Hiroko Watanabe lives in Kobe and has lost her fiancé Itsuki Fujii in a mountain climbing accident. On the day of his memorial ceremony, two years after his death, Hiroko looks through his high-school yearbook at his parents' house. Mrs. Fujii explains that they used to live in Otaru, and that their old house is now replaced by a highway. Nevertheless, Hiroko records the address she sees under the name "Itsuki Fujii" in the yearbook, and decides to write him a letter. Surprisingly, she receives a reply from Fujii. Unsure who sent the reply, she keeps writing and finds out it was not from her dead fiancé, but from a woman also named Itsuki Fujii who went to high school with her fiancé and bears a striking resemblance to Hiroko.

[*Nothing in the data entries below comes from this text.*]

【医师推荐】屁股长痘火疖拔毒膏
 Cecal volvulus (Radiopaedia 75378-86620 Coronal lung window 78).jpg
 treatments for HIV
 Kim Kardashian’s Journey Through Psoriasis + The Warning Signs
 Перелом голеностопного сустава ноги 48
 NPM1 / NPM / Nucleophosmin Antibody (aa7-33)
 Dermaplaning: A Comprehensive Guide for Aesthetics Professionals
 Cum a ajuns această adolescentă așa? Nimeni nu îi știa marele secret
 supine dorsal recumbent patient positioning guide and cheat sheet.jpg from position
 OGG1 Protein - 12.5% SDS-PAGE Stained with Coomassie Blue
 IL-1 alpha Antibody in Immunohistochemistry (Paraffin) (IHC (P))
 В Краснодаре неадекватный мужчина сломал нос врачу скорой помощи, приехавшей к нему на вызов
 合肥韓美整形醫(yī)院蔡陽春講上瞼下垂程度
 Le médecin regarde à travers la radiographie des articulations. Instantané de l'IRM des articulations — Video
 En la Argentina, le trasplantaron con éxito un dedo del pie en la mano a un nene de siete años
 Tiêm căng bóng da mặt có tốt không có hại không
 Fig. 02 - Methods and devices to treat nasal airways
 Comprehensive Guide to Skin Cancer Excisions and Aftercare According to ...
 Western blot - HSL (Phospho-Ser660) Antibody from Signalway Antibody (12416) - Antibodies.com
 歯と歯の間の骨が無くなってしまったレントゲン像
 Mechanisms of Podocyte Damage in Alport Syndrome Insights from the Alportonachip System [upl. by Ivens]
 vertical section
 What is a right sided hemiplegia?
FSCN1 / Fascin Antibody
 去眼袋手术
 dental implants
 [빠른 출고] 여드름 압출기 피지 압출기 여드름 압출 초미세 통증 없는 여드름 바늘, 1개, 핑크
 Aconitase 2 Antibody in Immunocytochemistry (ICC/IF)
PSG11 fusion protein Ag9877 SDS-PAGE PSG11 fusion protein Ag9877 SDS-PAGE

The movie cuts back and forth between Hiroko and Female Itsuki based on the letters they send to each other.

Female Itsuki works at the public library and is suffering from a cold that doesn't seem to go away, which she refuses to go to the hospital for. It is discovered that her father died of pneumonia when she was in high school. She is bewildered when she receives her first letter from Hiroko, having never heard of her. Nevertheless, she sends a reply saying she is fine and has a cold.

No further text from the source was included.